From the line containing "花丸軒 - 料理写真:--- ≪" down to the line containing "Private Hot Tub: Pet-Friendly" in the records below, reproduce every line exactly, ends included, and omit all others.

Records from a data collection
-=-=-

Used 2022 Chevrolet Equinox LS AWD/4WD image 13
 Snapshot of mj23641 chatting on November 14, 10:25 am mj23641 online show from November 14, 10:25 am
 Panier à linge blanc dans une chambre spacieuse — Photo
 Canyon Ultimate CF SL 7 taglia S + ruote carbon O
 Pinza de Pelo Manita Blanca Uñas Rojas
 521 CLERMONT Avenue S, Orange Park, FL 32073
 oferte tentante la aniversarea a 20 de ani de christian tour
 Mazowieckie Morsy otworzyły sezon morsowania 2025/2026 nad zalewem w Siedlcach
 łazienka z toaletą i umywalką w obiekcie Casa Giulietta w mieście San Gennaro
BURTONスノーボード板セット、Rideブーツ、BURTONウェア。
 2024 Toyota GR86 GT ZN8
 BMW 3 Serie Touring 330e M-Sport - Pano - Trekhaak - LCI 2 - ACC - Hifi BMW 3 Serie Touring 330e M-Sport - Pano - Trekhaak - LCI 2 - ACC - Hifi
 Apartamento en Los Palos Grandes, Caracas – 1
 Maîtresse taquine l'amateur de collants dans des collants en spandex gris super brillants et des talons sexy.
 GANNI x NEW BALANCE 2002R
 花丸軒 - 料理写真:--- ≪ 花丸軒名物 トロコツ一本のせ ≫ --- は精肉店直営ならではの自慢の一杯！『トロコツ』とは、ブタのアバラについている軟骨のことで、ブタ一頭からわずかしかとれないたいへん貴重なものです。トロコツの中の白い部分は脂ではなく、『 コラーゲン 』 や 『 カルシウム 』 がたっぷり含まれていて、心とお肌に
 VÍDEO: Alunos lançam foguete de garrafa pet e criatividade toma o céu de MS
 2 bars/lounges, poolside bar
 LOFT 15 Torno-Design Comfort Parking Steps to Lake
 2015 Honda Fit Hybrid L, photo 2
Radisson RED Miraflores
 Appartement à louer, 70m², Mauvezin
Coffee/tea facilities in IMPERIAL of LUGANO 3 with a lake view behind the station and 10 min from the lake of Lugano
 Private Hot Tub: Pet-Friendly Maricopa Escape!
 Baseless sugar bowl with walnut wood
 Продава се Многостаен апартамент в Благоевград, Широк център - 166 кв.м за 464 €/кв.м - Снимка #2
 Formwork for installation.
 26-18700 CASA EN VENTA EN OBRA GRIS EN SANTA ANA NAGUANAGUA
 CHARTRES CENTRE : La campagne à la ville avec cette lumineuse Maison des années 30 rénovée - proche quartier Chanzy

-=-=-

OUTPUT FOR THIS TASK:
 花丸軒 - 料理写真:--- ≪ 花丸軒名物 トロコツ一本のせ ≫ --- は精肉店直営ならではの自慢の一杯！『トロコツ』とは、ブタのアバラについている軟骨のことで、ブタ一頭からわずかしかとれないたいへん貴重なものです。トロコツの中の白い部分は脂ではなく、『 コラーゲン 』 や 『 カルシウム 』 がたっぷり含まれていて、心とお肌に
 VÍDEO: Alunos lançam foguete de garrafa pet e criatividade toma o céu de MS
 2 bars/lounges, poolside bar
 LOFT 15 Torno-Design Comfort Parking Steps to Lake
 2015 Honda Fit Hybrid L, photo 2
Radisson RED Miraflores
 Appartement à louer, 70m², Mauvezin
Coffee/tea facilities in IMPERIAL of LUGANO 3 with a lake view behind the station and 10 min from the lake of Lugano
 Private Hot Tub: Pet-Friendly Maricopa Escape!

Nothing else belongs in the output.